Pakistan unexpectedly holds rates ahead of IMF loan review
Islamabad: Pakistan unexpectedly left the discount rate unchanged in a second straight meeting with expectations of a drop in consumer prices despite market expectations for prices to remain elevated.
State Bank of Pakistan Governor Jameel Ahmad said in an analyst briefing that the target rate is in line with International Monetary Fund conditions for a tighter policy ahead of a loan program review due November. Monetary policymakers raised rates by a cumulative 600 basis points since January as part of a pledge for Pakistan to clinch $3 billion in bailout loans.
The central bank maintained the target rate at 22 per cent, according to a statement on Thursday. Only four of the 41 economists surveyed by Bloomberg predicted a hold, the rest expected a hike.
The Monetary Policy Committee assessed that the tight stance, improved agriculture outlook, and recent administrative and regulatory reforms will help achieve the medium-term inflation target, the central bank said in a statement. Domestic demand will remain contained due to elevated interest rates and fiscal consolidation, it added.

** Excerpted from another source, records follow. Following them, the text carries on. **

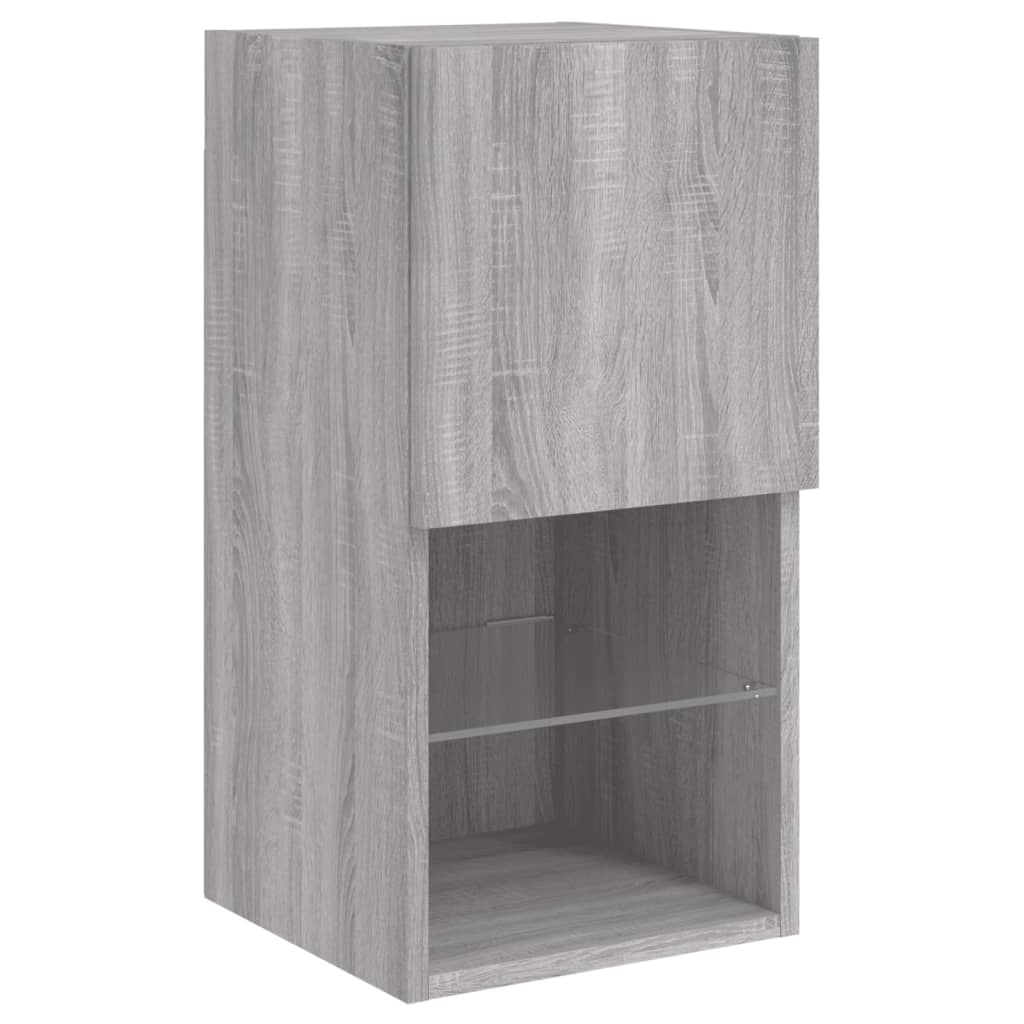 szürke sonoma TV-szekrény LED-lámpákkal 30,5 x 30 x 60 cm
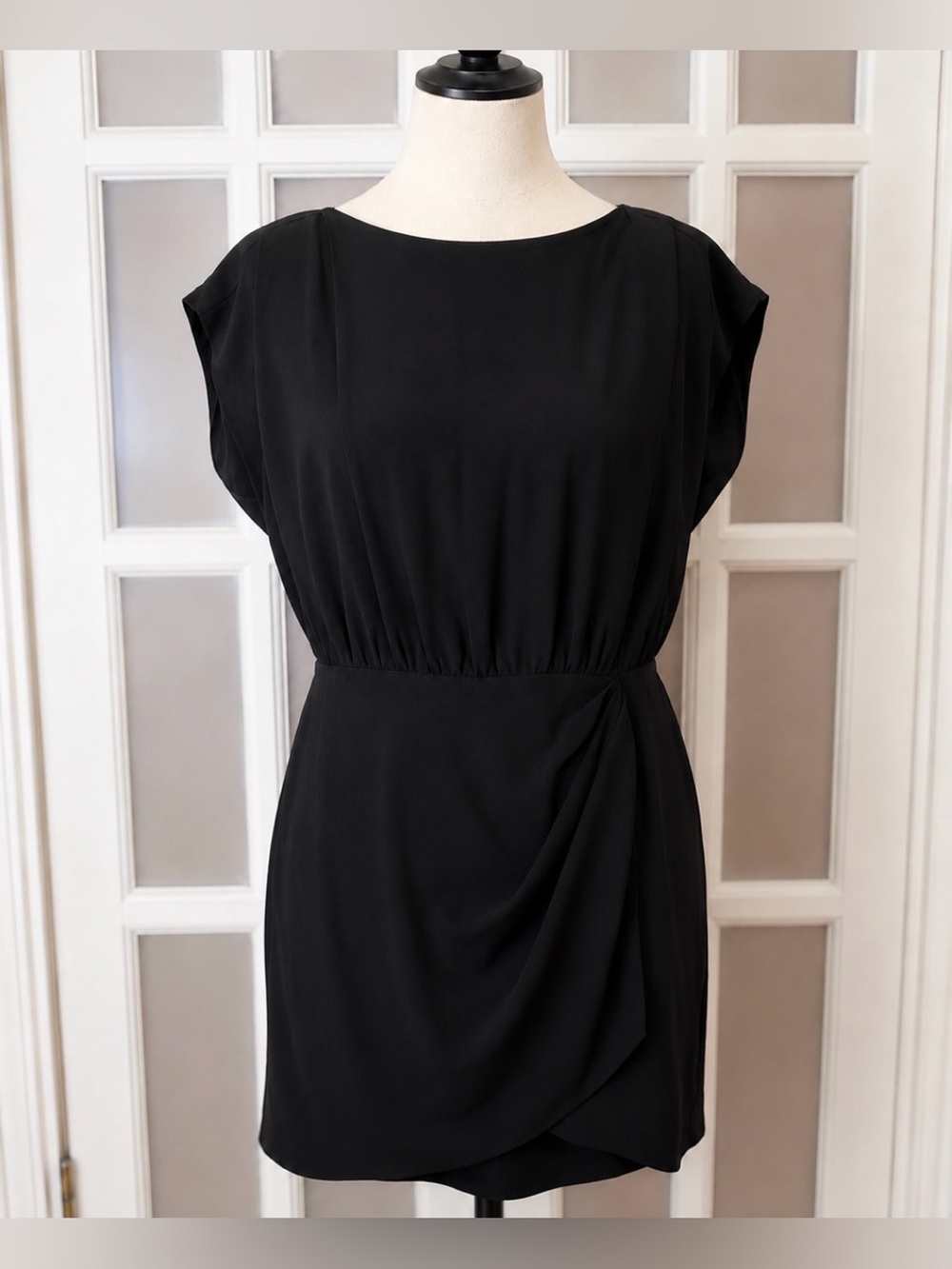 THE KOOPLES Paris Romantic Crepe Draped Mini Dress Black NWT Size 3 US 8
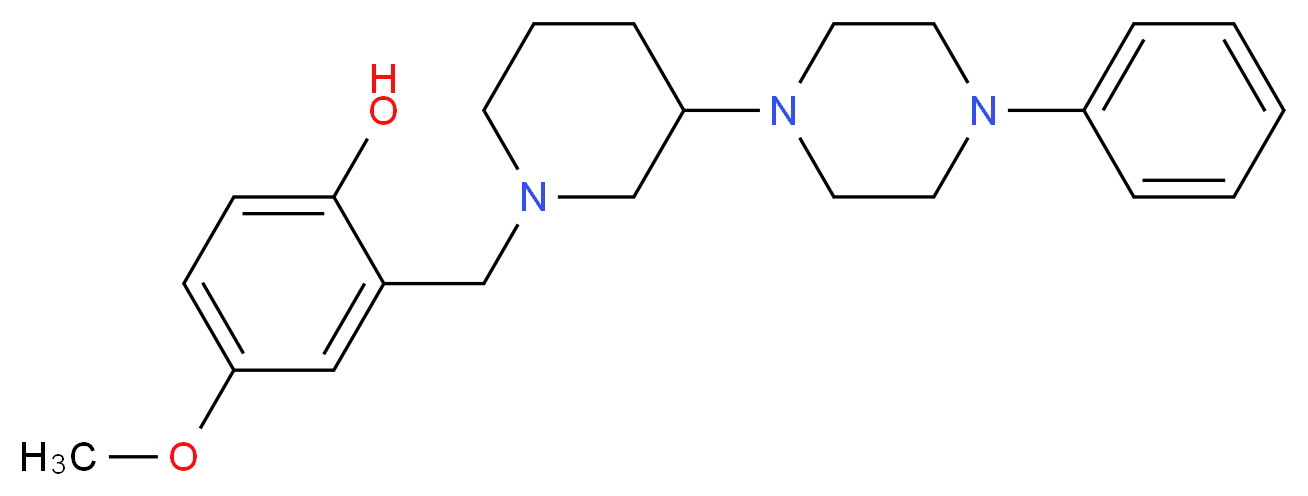 4-methoxy-2-{[3-(4-phenyl-1-piperazinyl)-1-piperidinyl]methyl}phenol_Molecular_structure_CAS_)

The decision surprised analysts as the central bank offered more than a 25 per cent yield in a treasury bill auction last week. Pakistan’s central bank clarified that majority of the bids were not that high and closer to the previous auction. Pakistan’s benchmark stock index is down 7 per cent since its recent peak last month on fears of elevated inflation and the possibility of a rate hike.
The South Asian nation can’t afford any delays in getting funds under the program. The nation has payments of about $24.5 billion in the financial year started July and the next IMF tranche is due in December. About $11 billion of total payments will be rolled-over while inflows are estimated at $14 billion for fiscal 2024, said governor Ahmad.